Umschulung - Meteorologe
Feitag Nachmittag. Völlig erschöpft beginne ich das Wochenende. Da fasse ich einen Entschluss. Ich schule um. Zum Meteorologen.
Meteorologen haben es gut. Ich habe dazu mal in Statistiken geforscht: Es ist kein Fall bekannt, dass ein Meteorologe während der Arbeitszeit an Stress verstarb. Die Berufsgenossenschaft der Meteorologen und Klimaforscher vermerkt nur einen tragischen Arbeitsunfall. Einen Toten durch Erfrieren. Dabei handelte es sich um den Teilnehmer einer Polarexpedition. Der ging kurz vor die Tür und hatte den Schlüssel vergessen. Was mir auch ab und an passiert. Aber niemals am Nordpol. Ich fange schon an zu frieren, wenn die Nase zu weit unter der Bettdecke vorschaut. Zur Sicherheit habe ich mich erkundigt: Die Teilnahme an gefährlichen Expeditionen ist freiwillig und man kann nicht dazu gezwungen werden.

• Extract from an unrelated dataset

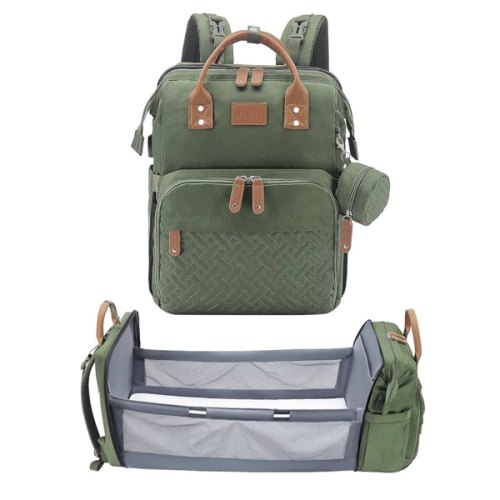 JOLLITO Diaper Bag Backpack with Changing Station Large Capacity Multifunction Baby Bags for Boy Girl Travel For Moms Dads Baby Registry Search Essentials Shower Gifts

Im letzten Jahrhundert gab es einige Unfälle durch Blitzschlag, durch Hagelschlag und durch umstürzende Messstationen bei starkem Sturm. Doch die Arbeitsbedingungen wurden seitdem extrem verbessert. Blitze werden den Meteorologen nun an großen Monitoren angezeigt. Früher mussten sie bei Wind und Wetter zu ihren Messstationen, um die Werte fein säuberlich in ihre Diagramme zu übertragen. Dann noch das Wasser aus den Messkolben ausschütten, die Minimal- und Maximalwerte der Thermometer zurückstellen und solches Zeug. Heute geht alles automatisch und voll elektronisch. Die Meteorologen werfen kurz einen Blick auf ihre Kurven, und wenn da nicht steht, dass zum Beispiel im Raum Berlin schon wieder 35°C sind, wird schon alles stimmen. Falls nicht, rufen sie die Hotline der für die Wartung der Messstationen verantwortlichen Firma an oder ermahnen Meteosat, die Peilung der Satelliten zu korrigieren. Dann wählen sie im Computer eines der drei Programme für die Wettervorhersage: Wetter bleibt in etwa so wie es ist, was statistisch gesehen zu 50 Prozent mit nur wenigen Abweichungen zutrifft, es wird noch regenreicher oder es bessert sich. Sie staunen selbst über die tollen Wolkenzüge, die dadurch auf ihren Bildschirmen erscheinen und widmen sich wieder ganz ihrer eigentlichen Aufgabe.
Sie müssen jeden Tag durch die verschiedensten Wettspiele festlegen, wer von ihnen das Resultat der Arbeit des Computers dem gespannten Publikum verkündet. Dabei stehen sie wirklich im Rampenlicht der Öffentlichkeit, im Fernsehen zur besten Sendezeit, oder zu jeder halben Stunde im Radio. Weshalb dieser Teil der Arbeit, der im internen Jargon „Mach mir den Frosch“ heißt, besonders bei schlechtem Wetter nicht besonders beliebt ist.
Ansonsten leben Meteorologen ziemlich ruhig und sind total abgeklärt. Sie können eigentlich machen, was sie wollen. Es bleibt absolut straffrei. Zum Beispiel unser Wetter in diesem Jahr im Mai. Ich trage in der Wohnung als Hausschuhe, Latschen der Marke Bugatti. Klingt das nicht toll? Erinnert nicht schon der Name an Mittelmeer, offene Cabriolets, Straßencafes, Swimmingpool? Doch nichts ist. Von Dezember bis Mitte Juni zog ich die dicken Socken nicht aus. Ich rechnete schon damit, mir neue kaufen zu müssen, so dünn und durchgescheuert waren die bereits. Und kurz darauf, im Juli diese Hitzeperiode. Da fragte man sich, wozu es überhaupt Kleidung gibt. Mal abgesehen von Badehosen und so.
Und die Meteorologen? Was tun die? Sitzen den ganzen Tag im voll klimatisiertem Raum zusammen, telefonieren mit ihren Kollegen in der Karibik, auf den Seychellen oder von der Station Sandnes in Norwegen und quatschen übers Wetter. Was für ein Job.